My point is not about how you got there. My point is that you undervalue what you have.
Perhaps the most important point, and one not made here elsewhere, is that merely the fact of starting to create a company will impact your existing revenue stream. You will instantly become distracted by "working on the company", and whatever your current magic formula is will suffer and revenue will go down. The moment you start to "make a company" your magic formula will get less and less magic until soon you've got 10 employees, a lease on an office, taxes, problems, a sales team, politics, accountants, hiring and recruiting, and then you need to feed that beast with ever increasing numbers, and you'll stop taking all that juicy cash for yourself because you'll be "investing it in the company", which is to say "spending it/getting rid of it". Your magic formula will be gone and you'll be just another ordinary company.
And if it did take ten years to get to this point then why the heck are you in such a damn hurry to change your situation.
I think what you should do is change the way you see your current position.
Currently you are WILDLY SUCCESSFUL. You seem desperate to risk that for what - greater success?
What you propose makes no sense.
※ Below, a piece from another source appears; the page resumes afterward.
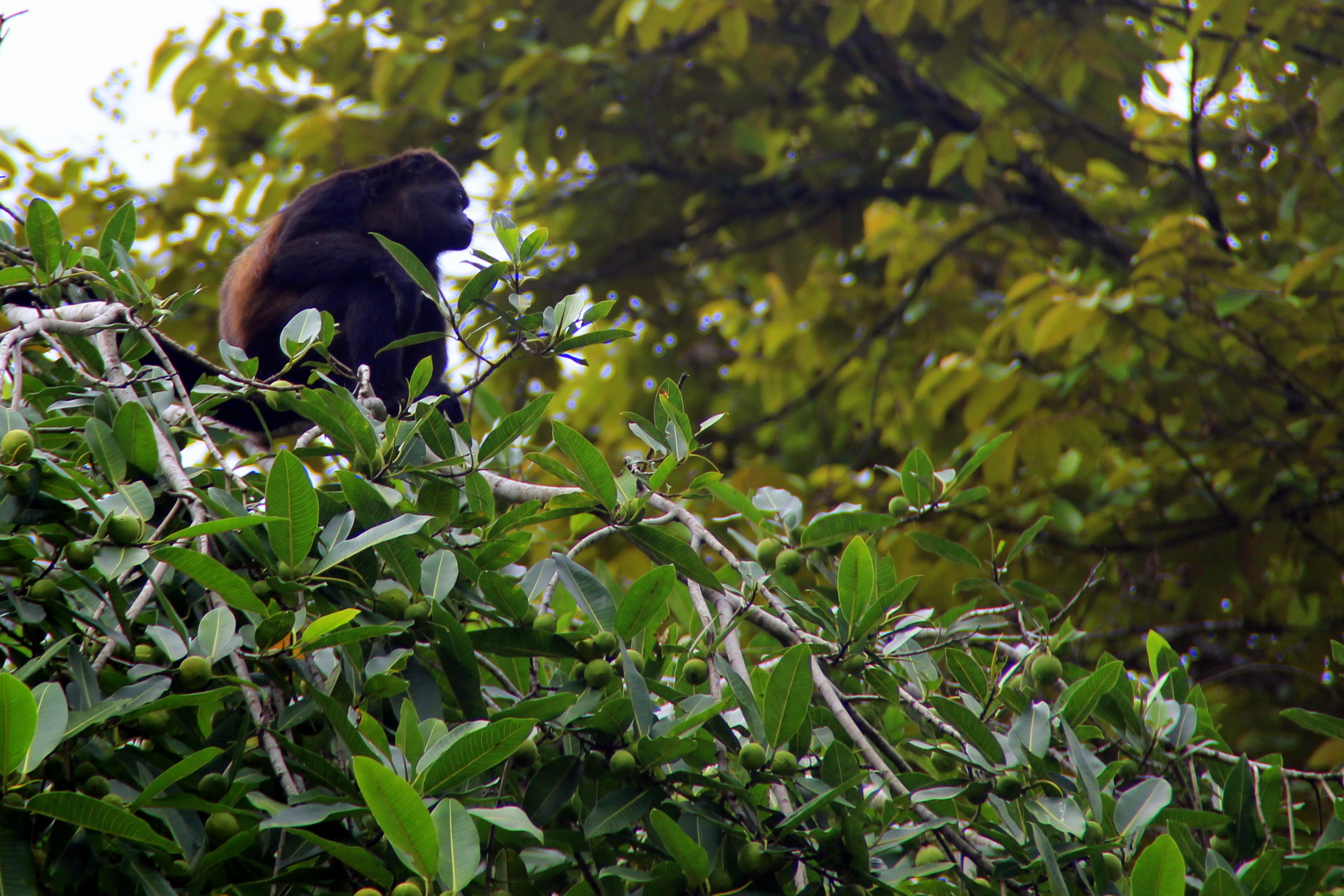 costa rica - Cano negro_wildlife reserve_05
Just keep doing what you are doing. Keep raking cash off the table and start to think to yourself "wow, I'm one of the most successful people in business".
The problem for you is you are addicted to "entrepreneur porn" - you are reading about all these other people who run REAL companies, who EMPLOY people, have OFFICES, and INVESTORS and IPOs. All that stuff is nowhere near as valuable as it is made out to be. You have done the most incredible thing which is to pull in huge amounts of cash with none of that crap. Wow. But you seem to feel that it's not enough success. Readjust the way you see your achievements to date and readjust what the real value is of "having a company".